The Failover Detection utility can be used to analyze SQL Server 2012, 2014, 2016 and 2017 Availability groups, provided the servers are on the latest service packs and cumulative updates.

Update 11/21

A few users have reported the following error while using the utility. We are looking into this and will post an update shortly.

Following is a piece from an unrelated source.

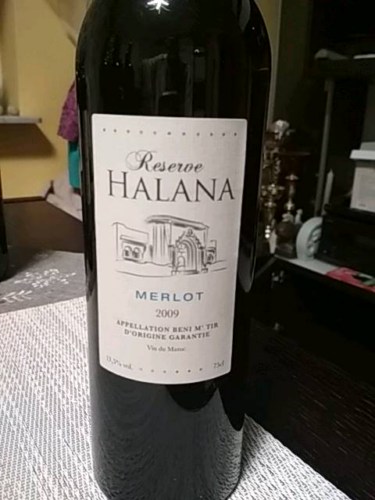 HALANA MERLOT ROUGE  75 CL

“An unhandled exception of type ‘System.BadImageFormatException’ occurred in FailoverDetector.exe
Could not load file or assembly ‘Microsoft.SqlServer.XEvent.Linq, Version=14.0.0.0, Culture=neutral, PublicKeyToken=89845dcd8080cc91’ or one of its dependencies. An attempt was made to load a program with an incorrect format.”

Update 11/27

New updated binaries for the Failover Detector Utility have been uploaded to GitHub. Before running the utility, please install the "Microsoft Visual C++ Redistributable for Visual Studio 2017" from here. On the download page, scroll down to the "Other Tools and Frameworks" section to download the redistributable (x64 version).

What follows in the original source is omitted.